**Instructions for the task**
Skip any image you find and restate the rest of the data word for word.

(Provided material begins)

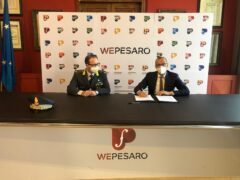 Accordo tra Guardia di Finanza e Comune di Pesaro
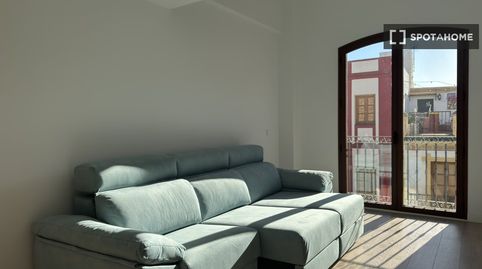 Foto 2 de Habitación en La Merced, Málaga Capital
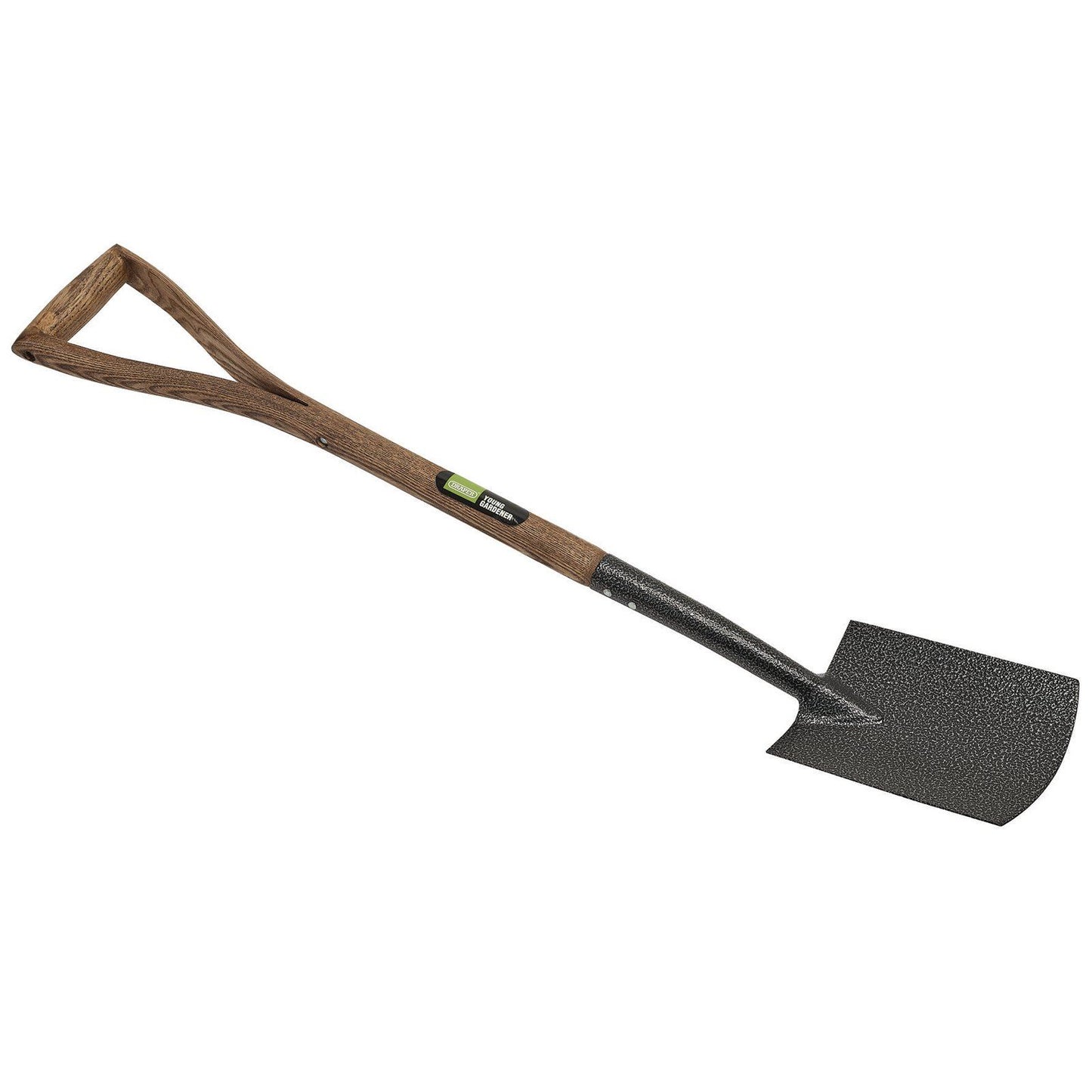 Summer Special Young Gardener Digging Spade with Ash Handle - 20686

(Provided material ends)

**Solution below**
 Accordo tra Guardia di Finanza e Comune di Pesaro
 Foto 2 de Habitación en La Merced, Málaga Capital
 Summer Special Young Gardener Digging Spade with Ash Handle - 20686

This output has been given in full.